Pull out of the data below the stretch of lines bounded by the one containing "Panzerarmband Smart Jewel" and the one containing "19V69 ITALIA Sweater 'ENZO' in Black: front", both bounds included, unchanged.

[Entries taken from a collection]
# # #

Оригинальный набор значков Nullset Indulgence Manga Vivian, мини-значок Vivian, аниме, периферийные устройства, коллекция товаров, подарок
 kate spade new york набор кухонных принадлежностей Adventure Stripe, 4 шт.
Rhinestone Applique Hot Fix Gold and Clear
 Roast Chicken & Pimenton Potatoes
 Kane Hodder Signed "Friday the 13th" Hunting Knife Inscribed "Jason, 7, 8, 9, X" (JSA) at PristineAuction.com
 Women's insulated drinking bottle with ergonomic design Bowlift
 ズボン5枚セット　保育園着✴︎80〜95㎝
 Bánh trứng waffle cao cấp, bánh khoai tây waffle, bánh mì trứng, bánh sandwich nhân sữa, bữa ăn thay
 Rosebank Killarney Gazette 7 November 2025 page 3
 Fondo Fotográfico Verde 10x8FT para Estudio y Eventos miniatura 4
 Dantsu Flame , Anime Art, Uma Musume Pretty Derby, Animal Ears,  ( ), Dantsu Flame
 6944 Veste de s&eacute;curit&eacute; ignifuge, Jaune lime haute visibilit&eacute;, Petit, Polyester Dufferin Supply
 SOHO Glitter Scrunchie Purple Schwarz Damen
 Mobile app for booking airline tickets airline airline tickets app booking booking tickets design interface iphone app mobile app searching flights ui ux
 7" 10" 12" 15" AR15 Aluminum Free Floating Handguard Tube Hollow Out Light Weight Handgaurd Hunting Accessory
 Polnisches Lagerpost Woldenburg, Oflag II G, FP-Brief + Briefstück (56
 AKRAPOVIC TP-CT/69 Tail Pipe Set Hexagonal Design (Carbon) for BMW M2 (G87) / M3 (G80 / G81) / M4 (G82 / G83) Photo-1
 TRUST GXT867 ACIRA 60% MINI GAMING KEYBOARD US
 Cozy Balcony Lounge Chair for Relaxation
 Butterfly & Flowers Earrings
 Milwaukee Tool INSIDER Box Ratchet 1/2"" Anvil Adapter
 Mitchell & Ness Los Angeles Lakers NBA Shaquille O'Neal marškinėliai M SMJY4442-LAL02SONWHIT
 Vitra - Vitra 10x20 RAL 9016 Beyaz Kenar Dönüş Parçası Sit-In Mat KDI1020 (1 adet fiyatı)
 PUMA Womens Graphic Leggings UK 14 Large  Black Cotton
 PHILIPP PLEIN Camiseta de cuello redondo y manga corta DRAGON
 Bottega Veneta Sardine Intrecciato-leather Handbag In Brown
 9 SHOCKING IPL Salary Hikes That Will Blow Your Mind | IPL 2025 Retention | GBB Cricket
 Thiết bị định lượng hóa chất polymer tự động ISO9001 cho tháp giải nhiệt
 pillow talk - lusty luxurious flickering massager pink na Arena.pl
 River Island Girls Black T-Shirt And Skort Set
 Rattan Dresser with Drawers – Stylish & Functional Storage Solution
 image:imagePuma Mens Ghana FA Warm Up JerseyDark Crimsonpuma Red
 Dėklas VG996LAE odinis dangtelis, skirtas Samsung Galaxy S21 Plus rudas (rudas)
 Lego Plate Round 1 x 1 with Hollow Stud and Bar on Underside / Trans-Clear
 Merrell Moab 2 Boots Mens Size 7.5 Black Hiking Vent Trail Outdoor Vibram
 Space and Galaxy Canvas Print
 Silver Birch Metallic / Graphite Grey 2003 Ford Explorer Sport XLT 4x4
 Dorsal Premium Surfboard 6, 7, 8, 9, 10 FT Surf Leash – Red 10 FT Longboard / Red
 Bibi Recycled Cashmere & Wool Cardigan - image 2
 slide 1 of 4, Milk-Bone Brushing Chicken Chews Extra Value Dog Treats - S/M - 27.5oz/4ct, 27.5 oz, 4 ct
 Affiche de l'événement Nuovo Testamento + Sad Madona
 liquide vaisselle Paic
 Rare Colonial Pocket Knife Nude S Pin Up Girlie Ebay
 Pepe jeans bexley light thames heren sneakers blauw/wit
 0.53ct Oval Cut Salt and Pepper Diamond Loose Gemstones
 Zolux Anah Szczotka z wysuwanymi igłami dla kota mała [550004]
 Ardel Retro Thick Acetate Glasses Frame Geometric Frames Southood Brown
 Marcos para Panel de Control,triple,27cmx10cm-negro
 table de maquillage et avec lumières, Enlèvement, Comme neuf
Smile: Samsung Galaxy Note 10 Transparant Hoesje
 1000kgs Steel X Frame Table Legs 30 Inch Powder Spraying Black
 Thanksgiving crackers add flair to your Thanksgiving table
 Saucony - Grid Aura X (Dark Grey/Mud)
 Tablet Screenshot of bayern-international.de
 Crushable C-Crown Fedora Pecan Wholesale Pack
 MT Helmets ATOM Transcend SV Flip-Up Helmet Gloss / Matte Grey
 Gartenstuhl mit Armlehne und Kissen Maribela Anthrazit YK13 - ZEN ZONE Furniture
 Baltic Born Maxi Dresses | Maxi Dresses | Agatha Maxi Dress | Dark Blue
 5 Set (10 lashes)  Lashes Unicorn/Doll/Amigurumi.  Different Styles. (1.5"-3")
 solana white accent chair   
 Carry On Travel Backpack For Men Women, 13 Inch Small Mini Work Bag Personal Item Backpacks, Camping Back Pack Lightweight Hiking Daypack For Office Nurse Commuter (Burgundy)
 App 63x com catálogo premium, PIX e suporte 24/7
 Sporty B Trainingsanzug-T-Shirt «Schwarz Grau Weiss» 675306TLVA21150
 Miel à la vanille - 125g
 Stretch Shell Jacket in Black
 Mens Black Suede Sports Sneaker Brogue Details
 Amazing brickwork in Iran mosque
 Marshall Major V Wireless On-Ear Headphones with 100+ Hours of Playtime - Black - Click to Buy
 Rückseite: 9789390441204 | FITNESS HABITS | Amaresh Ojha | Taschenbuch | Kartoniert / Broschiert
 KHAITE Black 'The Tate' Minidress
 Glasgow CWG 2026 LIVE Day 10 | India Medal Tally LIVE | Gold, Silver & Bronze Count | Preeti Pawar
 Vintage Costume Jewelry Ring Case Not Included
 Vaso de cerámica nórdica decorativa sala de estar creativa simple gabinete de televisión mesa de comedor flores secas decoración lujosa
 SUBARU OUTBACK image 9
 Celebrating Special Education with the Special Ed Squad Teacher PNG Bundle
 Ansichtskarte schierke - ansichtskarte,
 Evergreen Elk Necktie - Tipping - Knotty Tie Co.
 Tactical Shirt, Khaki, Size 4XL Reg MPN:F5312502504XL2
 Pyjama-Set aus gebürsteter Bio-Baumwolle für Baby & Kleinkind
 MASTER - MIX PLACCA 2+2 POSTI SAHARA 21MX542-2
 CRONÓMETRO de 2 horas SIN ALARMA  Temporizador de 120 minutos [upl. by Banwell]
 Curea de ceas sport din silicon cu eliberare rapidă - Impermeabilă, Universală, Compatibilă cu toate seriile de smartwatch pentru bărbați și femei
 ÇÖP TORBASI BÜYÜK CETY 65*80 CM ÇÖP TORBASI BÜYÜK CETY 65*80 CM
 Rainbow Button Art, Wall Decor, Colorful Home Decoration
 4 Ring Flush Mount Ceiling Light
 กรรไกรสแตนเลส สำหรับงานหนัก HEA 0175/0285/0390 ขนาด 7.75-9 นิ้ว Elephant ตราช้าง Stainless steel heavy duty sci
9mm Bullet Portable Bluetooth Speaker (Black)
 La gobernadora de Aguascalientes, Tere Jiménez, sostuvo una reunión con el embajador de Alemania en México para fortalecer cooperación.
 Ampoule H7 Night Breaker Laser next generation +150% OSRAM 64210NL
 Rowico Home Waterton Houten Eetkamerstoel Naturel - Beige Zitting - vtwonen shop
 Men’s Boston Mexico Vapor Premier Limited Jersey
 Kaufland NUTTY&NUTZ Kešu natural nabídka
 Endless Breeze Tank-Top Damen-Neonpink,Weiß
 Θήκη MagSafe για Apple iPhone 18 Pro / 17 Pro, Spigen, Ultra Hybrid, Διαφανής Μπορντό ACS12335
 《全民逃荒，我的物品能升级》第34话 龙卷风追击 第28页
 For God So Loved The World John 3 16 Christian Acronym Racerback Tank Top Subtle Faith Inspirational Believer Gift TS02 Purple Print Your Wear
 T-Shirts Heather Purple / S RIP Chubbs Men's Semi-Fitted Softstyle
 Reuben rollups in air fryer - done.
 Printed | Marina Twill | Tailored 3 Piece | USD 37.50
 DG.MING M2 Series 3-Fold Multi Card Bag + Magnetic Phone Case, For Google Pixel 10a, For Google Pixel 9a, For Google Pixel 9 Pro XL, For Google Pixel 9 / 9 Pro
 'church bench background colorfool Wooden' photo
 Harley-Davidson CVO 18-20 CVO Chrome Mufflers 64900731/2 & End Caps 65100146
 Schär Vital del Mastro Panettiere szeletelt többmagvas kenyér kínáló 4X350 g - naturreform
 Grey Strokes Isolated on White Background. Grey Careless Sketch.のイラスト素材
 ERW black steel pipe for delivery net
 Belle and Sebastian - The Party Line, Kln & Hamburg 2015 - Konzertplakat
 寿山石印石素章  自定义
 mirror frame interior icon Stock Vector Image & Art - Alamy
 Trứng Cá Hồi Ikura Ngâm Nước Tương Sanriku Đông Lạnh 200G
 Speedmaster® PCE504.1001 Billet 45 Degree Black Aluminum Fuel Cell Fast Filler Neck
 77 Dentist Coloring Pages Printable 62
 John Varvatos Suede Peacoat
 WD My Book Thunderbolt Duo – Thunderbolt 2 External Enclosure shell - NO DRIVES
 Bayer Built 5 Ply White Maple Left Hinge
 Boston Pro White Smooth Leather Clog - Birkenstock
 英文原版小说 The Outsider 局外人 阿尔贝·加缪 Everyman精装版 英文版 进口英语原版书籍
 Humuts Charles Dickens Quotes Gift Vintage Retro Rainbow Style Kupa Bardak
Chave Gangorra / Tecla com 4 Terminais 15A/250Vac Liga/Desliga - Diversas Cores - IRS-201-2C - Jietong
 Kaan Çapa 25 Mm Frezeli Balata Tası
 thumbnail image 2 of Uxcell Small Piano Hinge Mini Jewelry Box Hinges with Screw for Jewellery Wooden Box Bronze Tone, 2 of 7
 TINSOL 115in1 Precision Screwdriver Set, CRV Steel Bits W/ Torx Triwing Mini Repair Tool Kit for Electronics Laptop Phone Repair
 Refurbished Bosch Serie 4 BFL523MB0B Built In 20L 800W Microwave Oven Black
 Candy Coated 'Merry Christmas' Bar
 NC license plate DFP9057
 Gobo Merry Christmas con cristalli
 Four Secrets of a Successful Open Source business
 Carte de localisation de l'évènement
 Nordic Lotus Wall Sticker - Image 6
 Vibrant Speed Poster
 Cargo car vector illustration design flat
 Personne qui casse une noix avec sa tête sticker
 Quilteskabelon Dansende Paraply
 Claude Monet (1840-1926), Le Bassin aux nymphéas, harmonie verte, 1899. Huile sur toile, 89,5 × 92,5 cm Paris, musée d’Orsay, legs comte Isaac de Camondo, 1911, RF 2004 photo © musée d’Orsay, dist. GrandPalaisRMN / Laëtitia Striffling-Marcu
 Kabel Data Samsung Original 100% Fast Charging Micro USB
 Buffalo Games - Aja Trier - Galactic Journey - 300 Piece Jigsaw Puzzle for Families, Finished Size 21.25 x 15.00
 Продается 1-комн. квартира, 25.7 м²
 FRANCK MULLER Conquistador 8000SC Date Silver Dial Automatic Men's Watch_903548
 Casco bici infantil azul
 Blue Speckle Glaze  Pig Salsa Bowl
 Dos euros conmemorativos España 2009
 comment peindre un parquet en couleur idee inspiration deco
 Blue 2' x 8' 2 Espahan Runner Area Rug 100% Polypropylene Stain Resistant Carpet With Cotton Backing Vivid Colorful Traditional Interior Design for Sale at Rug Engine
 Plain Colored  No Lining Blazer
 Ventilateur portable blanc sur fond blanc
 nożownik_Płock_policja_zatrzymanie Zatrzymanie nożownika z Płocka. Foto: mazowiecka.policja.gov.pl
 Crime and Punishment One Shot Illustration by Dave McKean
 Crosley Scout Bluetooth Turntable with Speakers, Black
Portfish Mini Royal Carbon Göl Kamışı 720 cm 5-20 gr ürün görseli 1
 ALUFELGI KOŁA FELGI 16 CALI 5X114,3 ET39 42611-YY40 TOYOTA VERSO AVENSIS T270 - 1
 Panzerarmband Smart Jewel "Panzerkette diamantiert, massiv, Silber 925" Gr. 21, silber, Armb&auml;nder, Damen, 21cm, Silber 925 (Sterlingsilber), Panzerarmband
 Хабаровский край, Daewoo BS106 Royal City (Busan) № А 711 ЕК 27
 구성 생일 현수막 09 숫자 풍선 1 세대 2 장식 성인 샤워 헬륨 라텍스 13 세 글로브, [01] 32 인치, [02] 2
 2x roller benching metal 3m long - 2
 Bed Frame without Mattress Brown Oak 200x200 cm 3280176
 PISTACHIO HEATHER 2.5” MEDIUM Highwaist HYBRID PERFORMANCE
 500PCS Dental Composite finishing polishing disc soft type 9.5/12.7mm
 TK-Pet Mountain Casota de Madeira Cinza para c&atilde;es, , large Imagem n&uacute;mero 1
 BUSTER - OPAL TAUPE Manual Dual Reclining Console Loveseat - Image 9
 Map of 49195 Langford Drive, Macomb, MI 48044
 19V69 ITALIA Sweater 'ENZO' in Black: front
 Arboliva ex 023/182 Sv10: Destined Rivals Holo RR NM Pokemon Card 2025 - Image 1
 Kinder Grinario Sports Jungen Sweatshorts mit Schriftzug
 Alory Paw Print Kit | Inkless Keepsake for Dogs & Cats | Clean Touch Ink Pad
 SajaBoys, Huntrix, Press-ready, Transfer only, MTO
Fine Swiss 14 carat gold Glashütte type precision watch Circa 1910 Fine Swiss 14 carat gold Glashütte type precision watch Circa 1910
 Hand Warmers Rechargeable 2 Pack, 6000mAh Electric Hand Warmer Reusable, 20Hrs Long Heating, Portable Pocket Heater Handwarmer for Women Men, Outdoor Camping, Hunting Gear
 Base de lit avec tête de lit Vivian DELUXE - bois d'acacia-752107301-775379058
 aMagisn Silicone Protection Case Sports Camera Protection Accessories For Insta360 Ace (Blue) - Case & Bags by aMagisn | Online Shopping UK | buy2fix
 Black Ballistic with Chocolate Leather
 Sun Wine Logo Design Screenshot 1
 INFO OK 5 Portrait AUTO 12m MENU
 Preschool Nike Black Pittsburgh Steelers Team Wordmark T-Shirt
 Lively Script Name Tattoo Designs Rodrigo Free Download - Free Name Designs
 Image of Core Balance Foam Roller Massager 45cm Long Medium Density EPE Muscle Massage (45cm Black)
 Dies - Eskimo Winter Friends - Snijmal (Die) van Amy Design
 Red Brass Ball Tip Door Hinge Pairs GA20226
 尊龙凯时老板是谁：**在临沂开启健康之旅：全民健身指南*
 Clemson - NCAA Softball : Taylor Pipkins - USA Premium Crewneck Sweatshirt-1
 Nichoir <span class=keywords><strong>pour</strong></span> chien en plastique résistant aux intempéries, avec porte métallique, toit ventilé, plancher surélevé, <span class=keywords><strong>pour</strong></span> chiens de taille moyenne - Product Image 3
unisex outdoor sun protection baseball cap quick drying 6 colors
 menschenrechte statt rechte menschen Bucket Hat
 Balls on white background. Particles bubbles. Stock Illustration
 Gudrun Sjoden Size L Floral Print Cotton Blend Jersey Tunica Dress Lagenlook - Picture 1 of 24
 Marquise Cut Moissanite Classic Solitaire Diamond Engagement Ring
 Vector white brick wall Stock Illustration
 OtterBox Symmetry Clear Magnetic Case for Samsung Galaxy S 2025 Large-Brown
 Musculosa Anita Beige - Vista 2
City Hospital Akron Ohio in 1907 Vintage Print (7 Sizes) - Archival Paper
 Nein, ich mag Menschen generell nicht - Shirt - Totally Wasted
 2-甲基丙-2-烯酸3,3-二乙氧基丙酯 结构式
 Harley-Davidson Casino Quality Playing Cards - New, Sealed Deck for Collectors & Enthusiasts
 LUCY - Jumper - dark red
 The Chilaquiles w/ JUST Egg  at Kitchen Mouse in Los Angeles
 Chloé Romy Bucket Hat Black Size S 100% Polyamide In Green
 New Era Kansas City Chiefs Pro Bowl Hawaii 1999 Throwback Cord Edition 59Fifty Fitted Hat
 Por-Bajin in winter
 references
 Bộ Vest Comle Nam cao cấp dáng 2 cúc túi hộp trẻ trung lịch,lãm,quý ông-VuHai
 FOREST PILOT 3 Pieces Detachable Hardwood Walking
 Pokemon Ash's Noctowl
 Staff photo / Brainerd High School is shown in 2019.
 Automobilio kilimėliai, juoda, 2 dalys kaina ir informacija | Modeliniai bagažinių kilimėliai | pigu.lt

# # #

EXERCISE SOLUTION:
 Panzerarmband Smart Jewel "Panzerkette diamantiert, massiv, Silber 925" Gr. 21, silber, Armb&auml;nder, Damen, 21cm, Silber 925 (Sterlingsilber), Panzerarmband
 Хабаровский край, Daewoo BS106 Royal City (Busan) № А 711 ЕК 27
 구성 생일 현수막 09 숫자 풍선 1 세대 2 장식 성인 샤워 헬륨 라텍스 13 세 글로브, [01] 32 인치, [02] 2
 2x roller benching metal 3m long - 2
 Bed Frame without Mattress Brown Oak 200x200 cm 3280176
 PISTACHIO HEATHER 2.5” MEDIUM Highwaist HYBRID PERFORMANCE
 500PCS Dental Composite finishing polishing disc soft type 9.5/12.7mm
 TK-Pet Mountain Casota de Madeira Cinza para c&atilde;es, , large Imagem n&uacute;mero 1
 BUSTER - OPAL TAUPE Manual Dual Reclining Console Loveseat - Image 9
 Map of 49195 Langford Drive, Macomb, MI 48044
 19V69 ITALIA Sweater 'ENZO' in Black: front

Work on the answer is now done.